And when would that be the case? Can it occur through incrementation or can it only occur by actively setting it to `NULL`? – basilikum Apr 26 '15 at 09:05
@basilikum; Added a para to the answer. It can't occur through incrementation. – haccks Apr 26 '15 at 09:15
new doesn't always throw due to [memory overcommit](http://stackoverflow.com/questions/19148296/linux-memory-overcommit-details) – namezero Apr 26 '15 at 09:43
@namezero; `bad_alloc` can be avoided by using `new(std::nothrow)`. – haccks Apr 26 '15 at 09:47
@haccks Yes, I just wanted to add that often catching bad_alloc is futile. – namezero Apr 26 '15 at 09:57

score 3 · Answer 2 · answered Apr 26 '15 at 09:05

In C and C++ a pointer when evaluated in a boolean context returns true if the pointer is not NULL and false if the pointer is NULL.

The form if (ptr) ... is a common shorthand for if (ptr != NULL) ....

This interpretation rule is true even if in the specific platform a NULL pointer is not represented by binary zeros.

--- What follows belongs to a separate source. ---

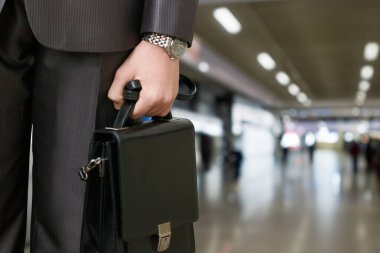 İş gezgini havaalanında bir uçuş için hazırlanıyor. Profesyonel bir adam elinde çantayla havaalanında duruyor ve ilerideki yolculuğuna odaklanıyor..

betteroutthanin · Answer 3 · 2015-04-26T09:16:25.360

The null pointer is implicitly converted into boolean false and the non-null pointers are converted into true.

So you can use either

if(_array != NULL)

or

if(_array)

§ 4.12 Boolean conversions

A prvalue of arithmetic, unscoped enumeration, pointer, or pointer to member type can be converted to a prvalue of type bool. A zero value, null pointer value, or null member pointer value is converted to false; any other value is converted to true. A prvalue of type std::nullptr_t can be converted to a prvalue of type bool; the resulting value is false.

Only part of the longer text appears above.